Last modified October 01, 2012 09:34

INSAM homepage until September 2012

Dear Members of INSAM,

in the course of last year, Prof. Sue Walker and myself were nominated into the Board of Proprietors of the private “Southern University” in establishment in Choma, southern Zambia. This was on behalf of the University of the Free State, Bloemfontein, South Arica, and my Agromet Vision respectively. In March this year we flew to Livingstone and drove to Choma with our local colleague, Dr. Durton Nanja, for a meeting with some of the other Board members.

These other Board members told us their dream of establishing a University that was actually very different from all existing Universities in Zambia, and as far as they and we know quite different from what exists in the whole of Africa. We visited the piece of 750 ha of abandoned savanna farm land that had been bought from a local church for building the University. We then at various meetings  in various compositions discussed the planning of this new and different University. Here is some of the outcome of these discussions.

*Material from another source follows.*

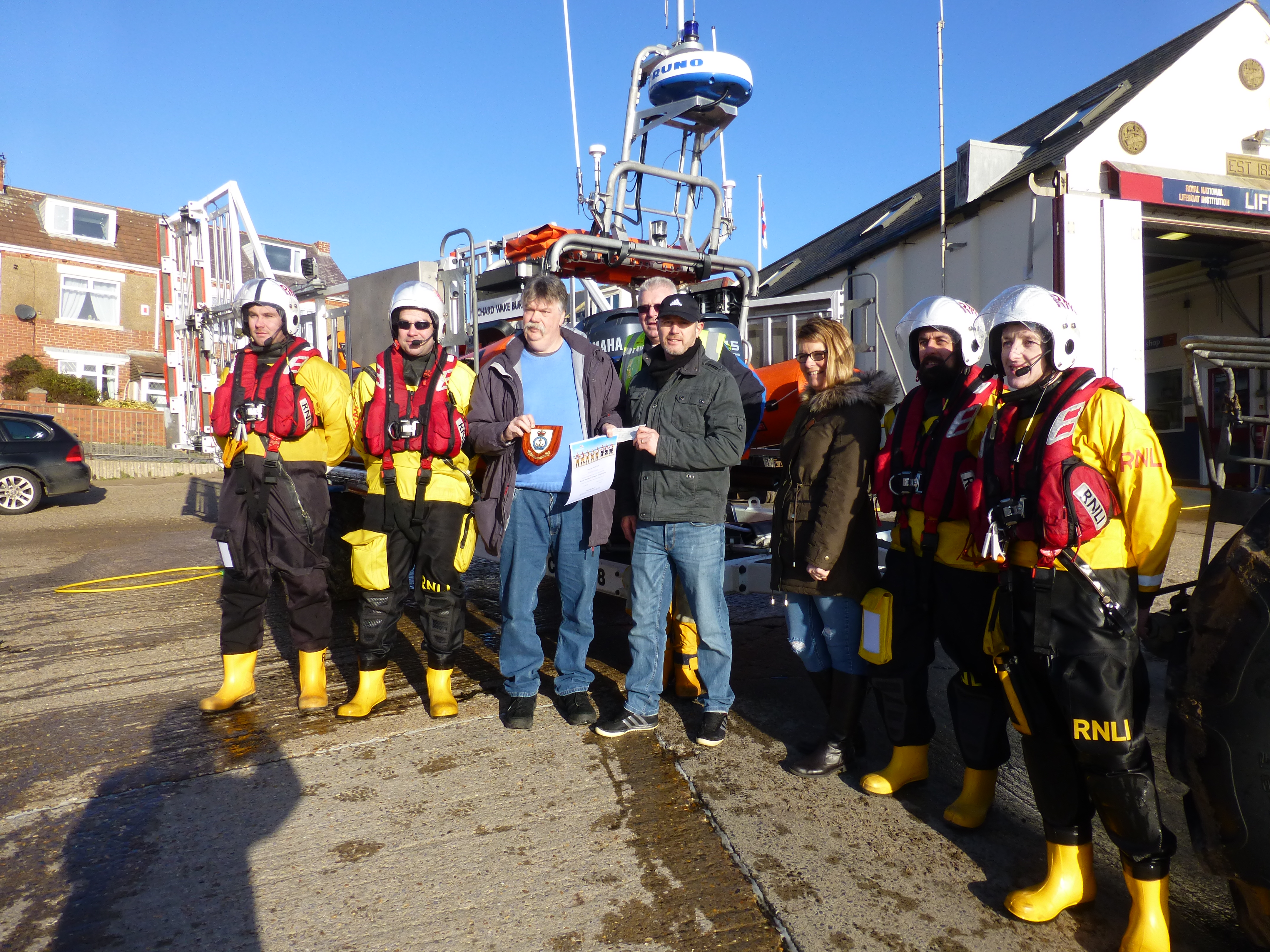 Mark and his wife presenting the cheque to the Newbiggin volunteers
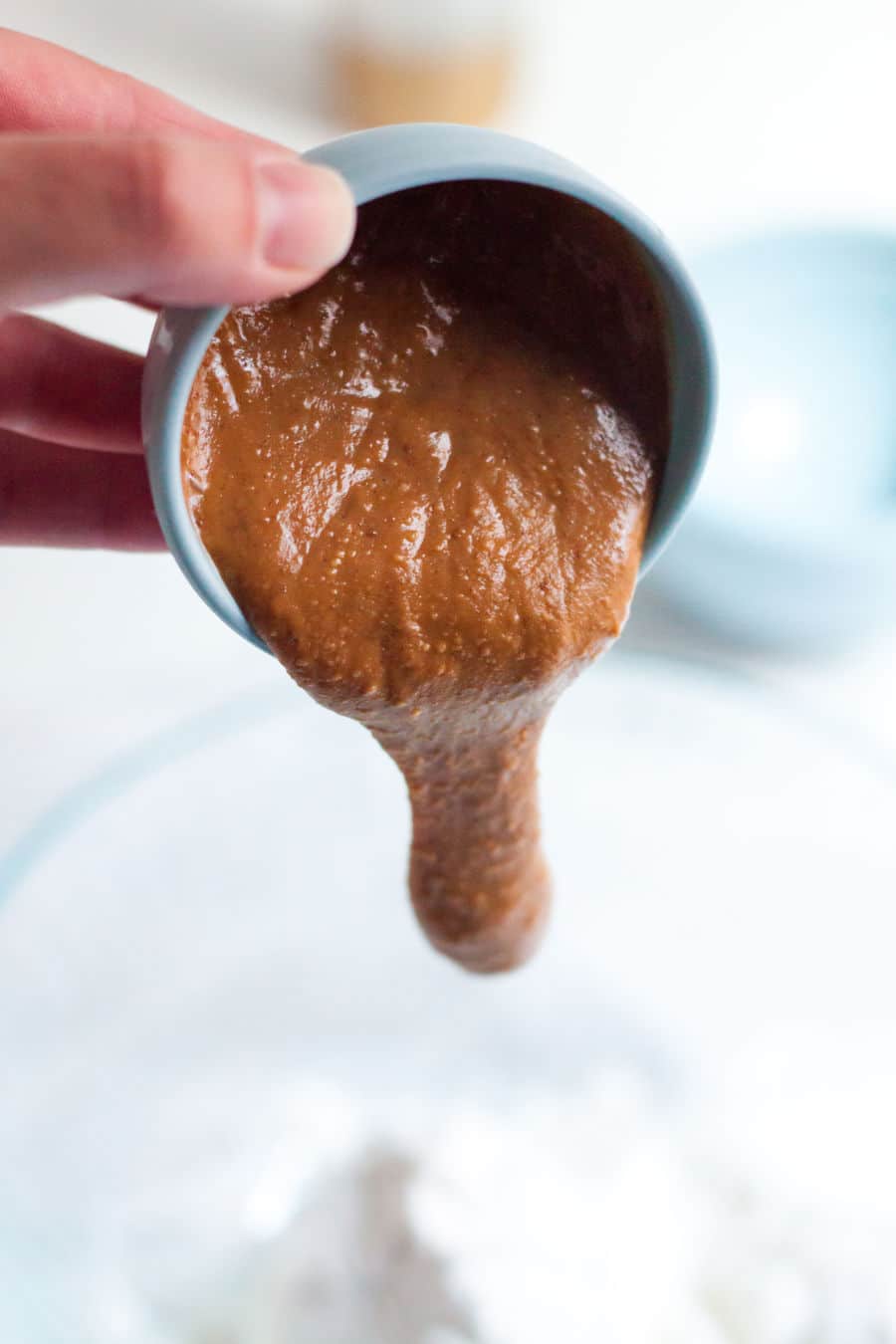 all natural peanut butter being poured into a bowl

We think of establishing a Rural University of Applied Sciences focused on (the livelihood problems of) local Communities. This University will do interactive applied research on solving these problems and meeting the related needs, and must therefore educationally be set up starting at this very farming livelihood level. The Southern University will also aim directly at collecting knowledge for supporting a climate compatible regional development strategy. We proposed the following aims:

a. Interactive applied participatory research on these livelihood needs and other problems, as well as their immediate solutions feasible under present and improved future conditions of rural development;

b. Problem solving community based education, containing examples of livelihood services and solutions established and found elsewhere in emerging countries as well as at SU straight from the beginning;

c. Environmental improvement oriented climate compatible development, steering

a. and b. under conditions of a changing climate.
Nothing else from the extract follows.